Priorité n°4 : Repenser l'emploi à l'heure de la mondialisation

Eric Verhaeghe : Je dirais plutôt que les syndicats devraient adopter des logiques d'emplois à long terme. Trop souvent, il s sont ancrés dans une culture de l'immédiateté : on fait grève pour obtenir des augmentations de salaires, sans se demander ce que seront les postes de travail dans les 5 ans. Ce réflexe est plus répandu qu'on ne croit. La saison des négociations salariales obligatoires le rappelle : les conflits y fleurissent allègrement. C'est absurde.
Dominique Andolfatto : Penser l’emploi et ses évolutions, c’est penser le changement et faire de la stratégie économique. Les syndicats cherchent plutôt à défendre certaines situations acquises et à constituer de petites forteresses professionnelles, auxquelles est garantie l’immobilité (mais pas l’immortalité).Cela dit, contrairement à diverses formations politiques, de l’extrême gauche ou d’ailleurs, les syndicats ne sont pas hostiles à la mondialisation… même s’ils ne le claironnent pas trop fort. Celle-ci a amélioré la condition des travailleurs de nombreux pays du monde et, donc, la Confédération syndicale mondiale, à laquelle adhèrent les principaux syndicaux français, n’est pas hostile à la mondialisation. Enfin, s’agissant de penser l’emploi, les élites politiques ne semblent pas beaucoup plus armées que les syndicats. François Mitterrand lui-même avait déjà dit que tout avait été tenté concernant la politique de l’emploi, actant l’échec de celle-ci et finalement un déficit d’imagination et d’innovation des élites en la matière.

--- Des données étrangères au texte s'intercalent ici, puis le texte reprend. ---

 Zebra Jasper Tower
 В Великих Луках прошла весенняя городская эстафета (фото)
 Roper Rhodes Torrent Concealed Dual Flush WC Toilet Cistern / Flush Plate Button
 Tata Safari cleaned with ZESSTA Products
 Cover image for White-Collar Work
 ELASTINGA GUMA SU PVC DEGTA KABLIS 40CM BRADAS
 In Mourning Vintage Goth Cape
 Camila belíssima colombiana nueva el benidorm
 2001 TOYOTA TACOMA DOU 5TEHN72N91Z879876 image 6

Priorité n°5 : Repenser les modes d'organisation du travail au-delà du salariat

Eric Verhaeghe : En réalité, les syndicats ne mesurent pas que le salariat est en mutation, voire en voie de disparition. Ou alors ils s'en rendent trop bien compte et entament une lutte de tous les instants pour préserver une situation qui ne durera pas plus de dix ans. La génération Y sera la première à l'expérimenter : elle préfère de nouvelles formes d'emplois, capables de réaliser ses rêves de "zapping existentiel", plutôt qu'un CDI.
Dominique Andolfatto : Là, ce ne semble pas l’affaire des syndicats si l’on évoque les syndicats de salariés. L’affaire de ceux-ci devraient être avant tout la défense individuelle, l’écoute, l’assistance des salariés, fonction souvent dévalorisée au profit des fonctions collectives, plus gratifiantes, comme la négociation (et le théâtre de celle-ci). Être simplement à l’écoute des salariés, être leur porte-parole – justification historique des syndicats – semblent curieusement un peu ringard aujourd’hui… alors que, manifestement, ces fonctions mériteraient d’être redécouvertes.
Finalement, le problème est probablement que le monde du travail évolue plus vite que celui des organisations censées représenter ses intérêts. Il y a un "gap" perpétuel que ces dernières peinent à rattraper. D’autant que leur statut institutionnel leur apporte certaines garanties qui favorisent les routines et, finalement, une "société bloquée". Ce serait aux salariés et aux entrepreneurs (auto- ou pas) de réinventer leurs organisations dites représentatives, soit des organisations ouvertes, pragmatiques, procurant des services effectifs à leurs membres et, surtout, les défendant individuellement.